To improve the quality of your data, you need a framework for measuring it. Data quality dimensions can help you achieve this goal. Dimensions enable you to measure coverage and identify any components that need data quality testing.

This article presents six dimensions of data quality: Completeness, Consistency, Integrity, Timelessness, Uniqueness, and Validity. By addressing them, you can gain a comprehensive understanding of the quality of your data and identify areas for improvement. Here is where Great Expectation (GX) comes into play.

 

Great Expectations

 

Great Expectations (GX) is a Python-based open-source tool for managing data quality. It provides data teams with the ability to profile, test, and create reports on data. The tool features a user-friendly command-line interface (CLI), making it easy to set up new tests and customize existing reports. 
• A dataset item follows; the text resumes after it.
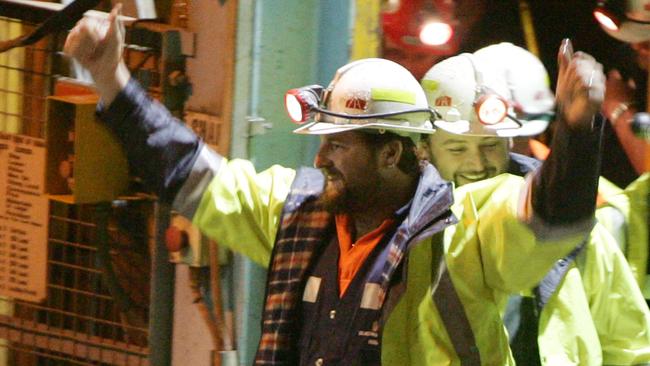 Tasmanian miners Todd Russell, left, and Brant Webb wave as they emerge from the mine lift having been rescued after being trapped underground at Beaconsfield gold mine for 14 days in 2006. Picture: IAM WALDIE/GETTY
Great Expectations can be integrated with a variety of extract, transform, and load (ETL) tools such as Airflow and databases. A comprehensive list of integrations and official documentation can be found on the Great Expectations website

GX features many expectations in its repository. This article demonstrates how to use a single expectation to implement data quality dimensions with GX.

 

Data

 

Before starting with implementation, we need to know more about the data we will use to  demonstrate how dimensions work.

Let's say that I need to create a Data Mart analysis to find out how many orders the sales department took per region over the past three years.  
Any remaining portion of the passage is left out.